*** STORED DATA Section Begins ***

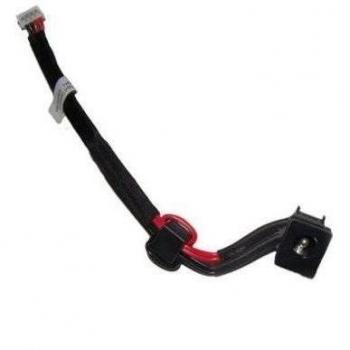 eTrader Direct - Nuevo DC Jack y Cable para Toshiba Satellite L300 - 2DR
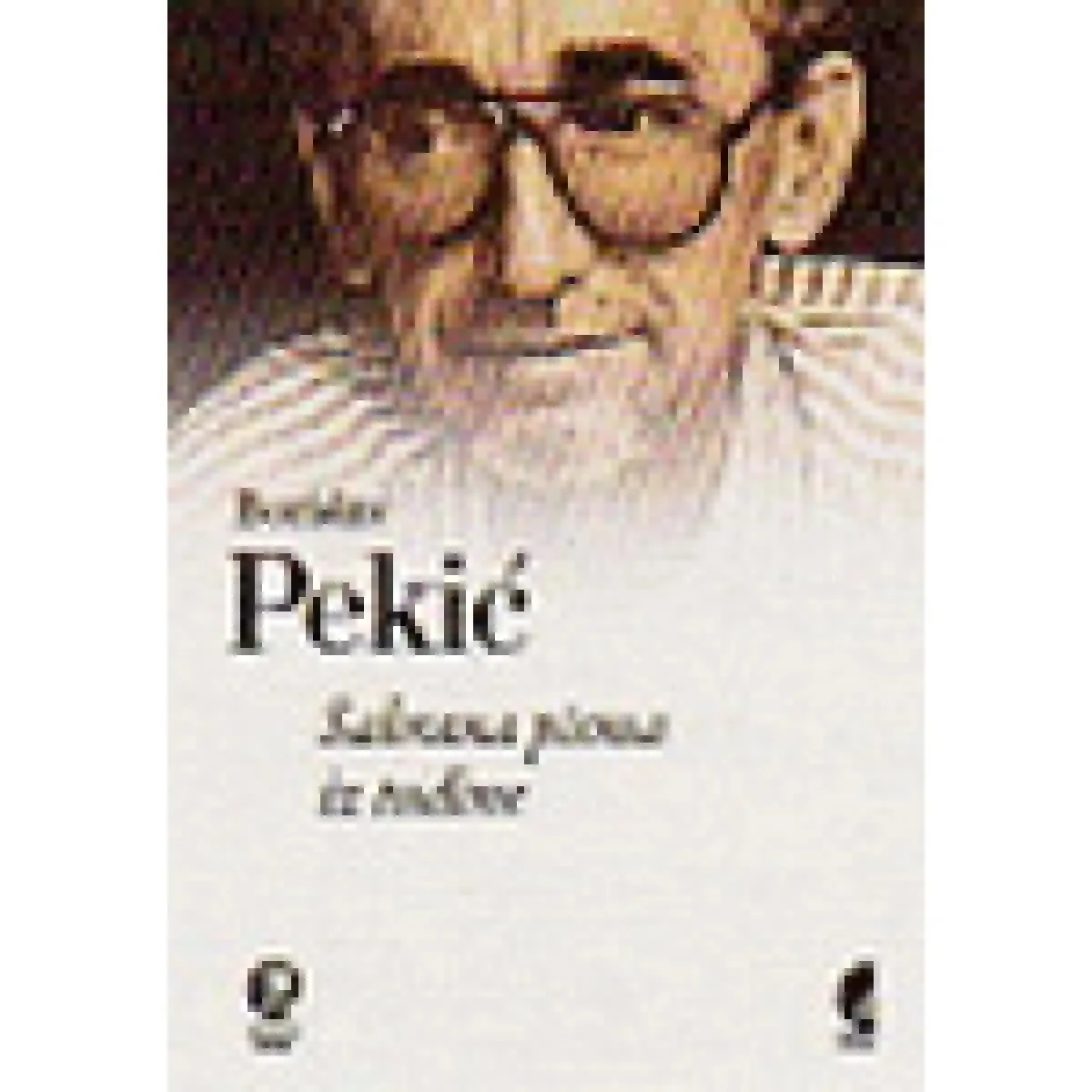 SABRANA PISMA IZ TUĐINE 
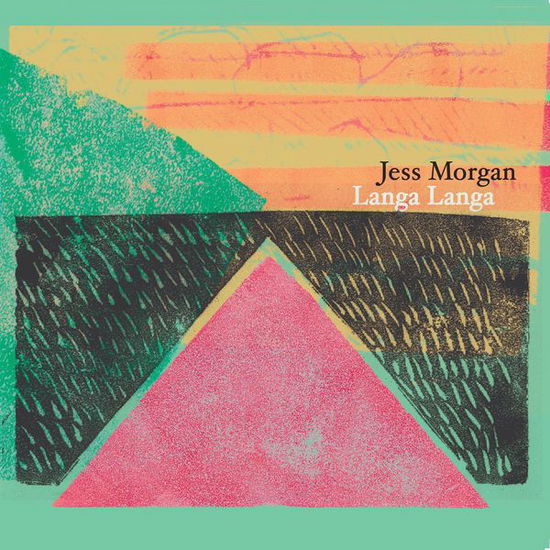 Cover for Jess Morgan · Langa Langa (CD) (2014)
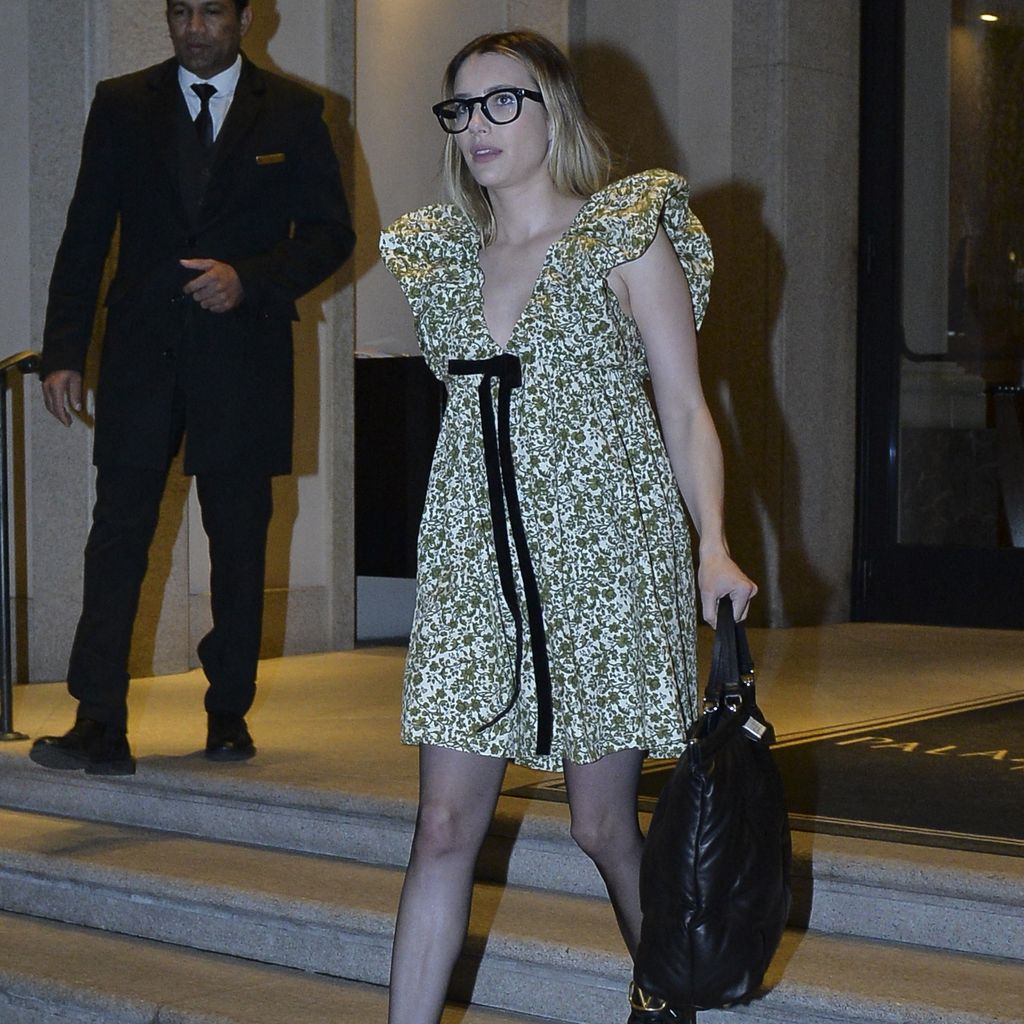 Emma Roberts, Schauspielerin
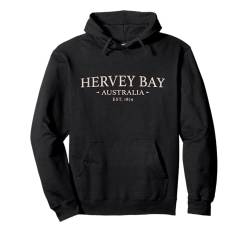 Hervey Bay Australien - Simple Hervey Bay Australien Pullover Hoodie von Australia Trading Op.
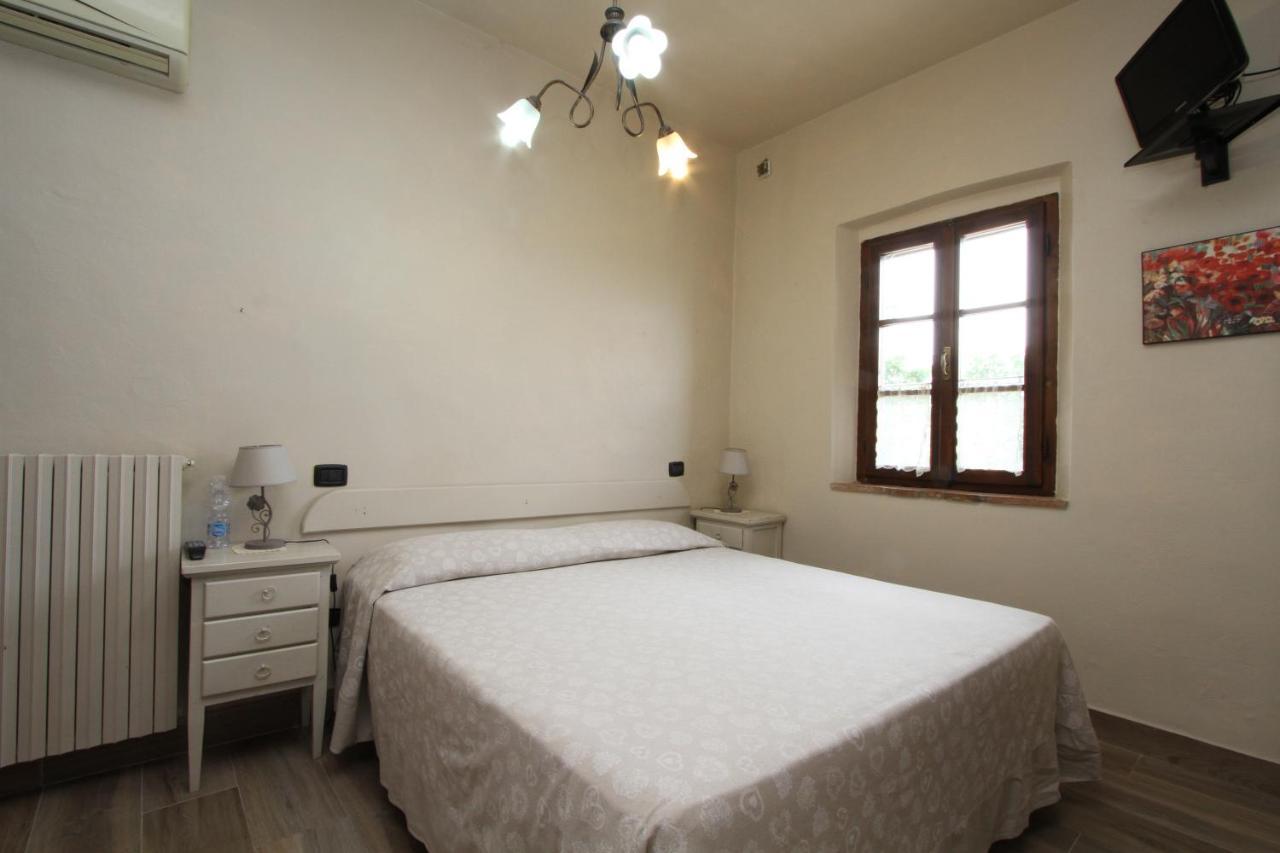 פונסאקו Agriturismo San Martino מראה חיצוני תמונה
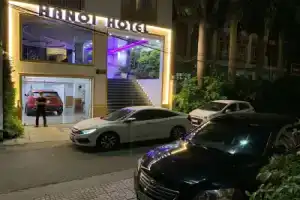 hà nội Hotel, Хошимин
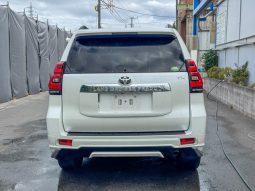 
										Toyota Prado full									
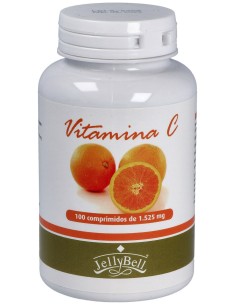 Jellybell Vitamina C 100 Comp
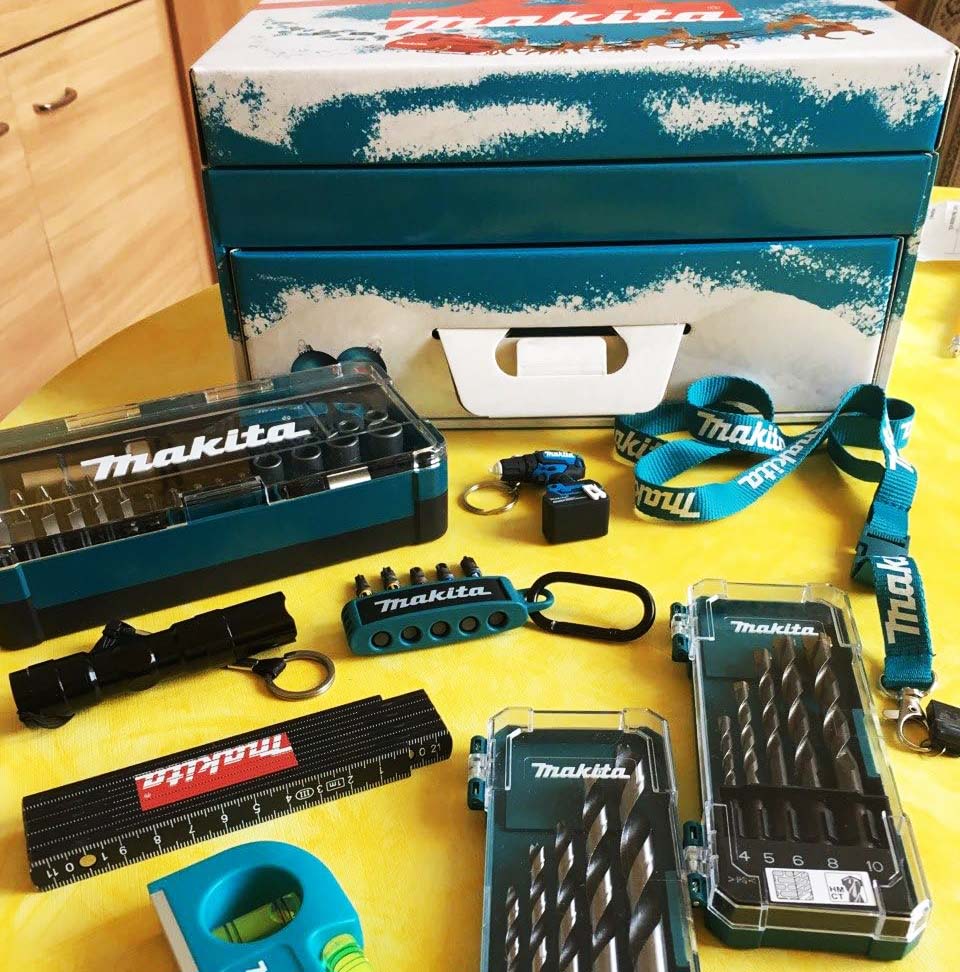 makita advendskalender 2025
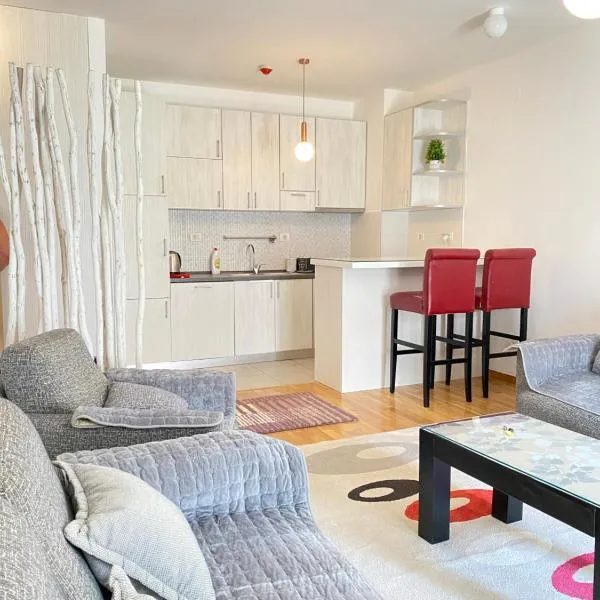 Apartman Vesna City 2. PG, hotel in Podgorica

*** STORED DATA Section Ends ***

▶ EXERCISE OBJECTIVE
Your task is to transcribe exactly the lines from the one containing "Hervey Bay Australien - Simple" through the final line of the entries above, pictures excluded.

▶ SOLUTION TO THIS TASK
 Hervey Bay Australien - Simple Hervey Bay Australien Pullover Hoodie von Australia Trading Op.
 פונסאקו Agriturismo San Martino מראה חיצוני תמונה
 hà nội Hotel, Хошимин
										Toyota Prado full									
 Jellybell Vitamina C 100 Comp
 makita advendskalender 2025
 Apartman Vesna City 2. PG, hotel in Podgorica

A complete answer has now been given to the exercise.